◆ Short text fragments from websites
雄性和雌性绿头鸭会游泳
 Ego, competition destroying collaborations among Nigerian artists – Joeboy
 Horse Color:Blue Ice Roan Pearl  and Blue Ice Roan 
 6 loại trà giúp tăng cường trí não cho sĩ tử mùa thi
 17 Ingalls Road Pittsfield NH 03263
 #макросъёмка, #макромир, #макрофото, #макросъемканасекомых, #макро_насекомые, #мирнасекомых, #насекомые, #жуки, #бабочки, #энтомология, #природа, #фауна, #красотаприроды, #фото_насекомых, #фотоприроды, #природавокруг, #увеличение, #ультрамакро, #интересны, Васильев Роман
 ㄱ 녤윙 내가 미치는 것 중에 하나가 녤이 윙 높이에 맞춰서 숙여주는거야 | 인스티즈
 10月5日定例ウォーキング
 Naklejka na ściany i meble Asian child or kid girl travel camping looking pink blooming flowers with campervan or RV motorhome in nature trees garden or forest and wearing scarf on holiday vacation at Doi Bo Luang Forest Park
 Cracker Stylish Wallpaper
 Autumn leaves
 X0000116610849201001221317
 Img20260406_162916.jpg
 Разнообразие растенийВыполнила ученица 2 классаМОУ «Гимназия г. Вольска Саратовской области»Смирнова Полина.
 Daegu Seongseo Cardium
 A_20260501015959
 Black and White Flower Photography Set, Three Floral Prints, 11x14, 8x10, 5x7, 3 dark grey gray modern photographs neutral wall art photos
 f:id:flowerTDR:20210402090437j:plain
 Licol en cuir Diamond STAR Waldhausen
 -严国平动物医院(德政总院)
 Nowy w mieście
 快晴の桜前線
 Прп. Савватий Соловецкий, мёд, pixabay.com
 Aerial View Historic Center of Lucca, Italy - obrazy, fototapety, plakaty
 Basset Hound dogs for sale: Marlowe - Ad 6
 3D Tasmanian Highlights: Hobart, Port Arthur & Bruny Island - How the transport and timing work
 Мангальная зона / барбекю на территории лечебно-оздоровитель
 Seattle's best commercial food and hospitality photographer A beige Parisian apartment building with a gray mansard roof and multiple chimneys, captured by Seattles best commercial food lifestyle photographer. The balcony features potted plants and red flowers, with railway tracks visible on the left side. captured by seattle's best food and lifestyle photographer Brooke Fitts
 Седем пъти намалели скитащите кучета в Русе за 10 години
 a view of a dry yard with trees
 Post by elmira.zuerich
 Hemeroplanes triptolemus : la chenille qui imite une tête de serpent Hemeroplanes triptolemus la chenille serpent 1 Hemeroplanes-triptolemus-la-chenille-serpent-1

◆ WHAT THIS TASK INVOLVES
Within the entries above, find the string "trees" and return each line that holds it.

◆ SOLUTION
 Naklejka na ściany i meble Asian child or kid girl travel camping looking pink blooming flowers with campervan or RV motorhome in nature trees garden or forest and wearing scarf on holiday vacation at Doi Bo Luang Forest Park
 a view of a dry yard with trees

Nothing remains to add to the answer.